Soudainement, les bougies semblent vouloir m’indiquer une nouvelle voie. Elles s’orientent différemment vers un endroit sans issue, un cul de sac s’il en est un. Un énorme miroir de fer orné l’encercle. Apposé au mur, mon reflet hésitant y trouve refuge et je n’ai autre choix que de m’observer. Confrontation tout comme, je ne peux détourner le regard tant l’oppression ambiant m’y contraint. Une pression sur ma nuque m’empêche de m’y soustraire tandis que mes paupières semblent étirées par des mains invisibles. Méandre dans l’image qui me fait face, je vois alors une mosaïque de lumière planant dans celui-ci. Hypnotisé, je perds ma vigilance. Tourbillon de confusion dans cet élan de fractal multicolore, je décolore ma vision en proie à l'abandon de soi. Puis, plus le temps passe et s'écoule dans ce face à face, le flou coloré se précise en une forme plus humaine. Les contours se précisent et lentement, un visage m'apparait, le mien en toute banalité. Nulle surprise dans ce fait, toutefois, un détail m'interpelle. Plus je m'observe, plus mes traits se modulent pour se transformer en une autre image. Le blanc orne maintenant ma peau qui se décolore à un rythme d'enfer, mes cheveux tombent et mes yeux virent aux rouges. Voulant me soustraire à cette vision, la pression sur ma nuque s'intensifie. Je peux même ressentir les doigts griffus s'enfonçant dans mon cuir chevelu. Un mince filet chaud me glisse sur la joue, pressentant le pire, je m'en humecte les doigts pour l'observer et ma surprise n'en est pas moins que le rouge carmin qui les teintes.

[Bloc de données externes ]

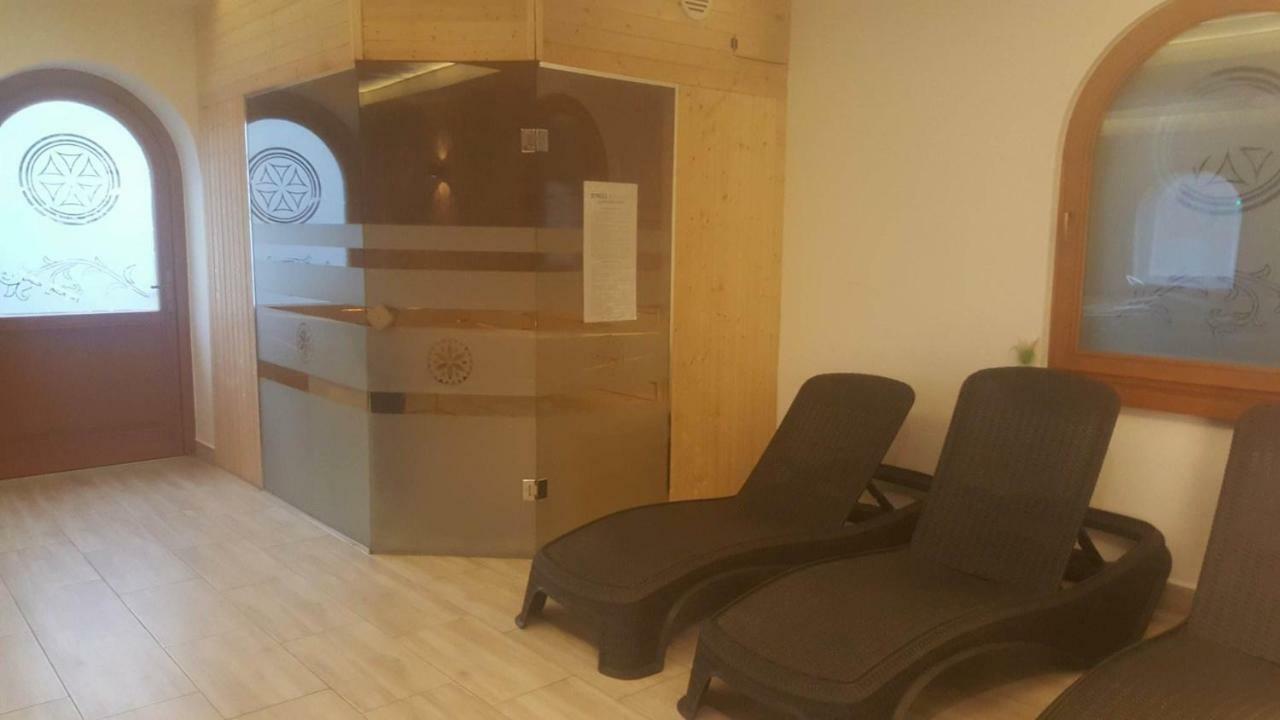 Zakopianskie Tarasy Spa - Jolanda Zakopane Extérieur photo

Souvenirs d'un pas si lointain, je revois en image la scène en terreur lors de mon arrivée en ce lieu maudit. Cette présence qui s'infiltrait en moi par ses doigts osseux. Un goût amer m'emplit la gorge qui se noue presque immédiatement. La nausée me gagne et la panique s'invite dans ma conscience qui survit et peine à demeurer éveillée. Mes yeux fixent toujours le miroir qui me reflète à présent une toute autre image. Celle de la mort qui s'empare de moi, la même qui m'était apparu du haut des escaliers. Elle me consume et me déguste à petit feu. Mes forces s'amenuisent, pourtant je tiens encore debout. Faiblement. Mes jambes hoquètent et tremblent de porter cette masse qui perd de sa vie. Je sens que je vais tomber et perdre ma lucidité. La supplier je voudrais, mais sans voix je suis...

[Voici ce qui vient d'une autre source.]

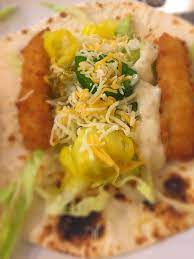 Maybe you would like to learn more about one of these? Fish Stick Tacos Jenn Cooks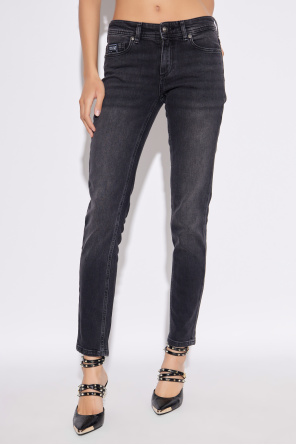 Versace Jeans Couture Jeans mit Logo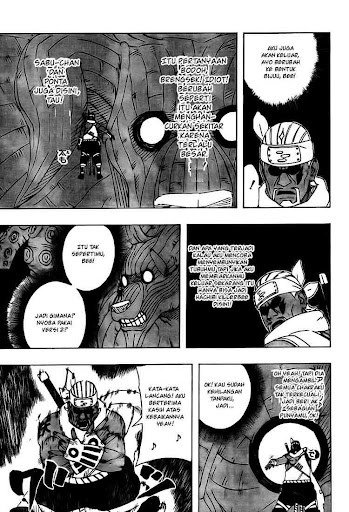 Naruto page 10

Le filet sanguin s'épaissit sur mon visage livide, et je sens que ma vie m'échappe. Alors que mes jambes fléchissent, une sensation de douceur se vautre sous moi et mon corps bascule à la renverse.
Une lumière diffuse et vive à la fois me floue le regard. Des sons et des odeurs étranges envahissent mon avenir et je divague de non-sens face à ce qui se passe. Murmures en musique d’ambiance, je frissonne d’inconnu. M’échapper je dois et rapidement. Mon corps est lourd et tremble d’effort, mais des liens retiennent mes membres. Scénarios en panique tournent en boucle dans ma tête. La peur s’empare de moi et je tente par tous les moyens de fuir cette salle immaculée. Le sablier de ma vie s’écoule vers sa fin, il est là bien en place au-dessus de moi. Je sens la mort me nourrir de son fiel. À ma droite, confusion dans la vision que je vois, le sable doré se métamorphose en compte-goutte.
Une voix, sourde se faufile jusqu’à moi. Elle s’accompagne d’une ombre qui s’approche de mon visage.
- M Fraser… M Fraser, répondez moi… Vous m’entendez M Fraser.
Muet dans mon silence, je tente à présent de recoller des morceaux.
- M Fraser, vous m’entendez… Vous être à l’hôpital… on vous a retrouvé inconscient dans le corridor de la chapelle.
Noir dans les souvenirs qui se chevauchent, mon esprit surchauffe de ne plus rien comprendre. Qui est donc ce M Fraser ?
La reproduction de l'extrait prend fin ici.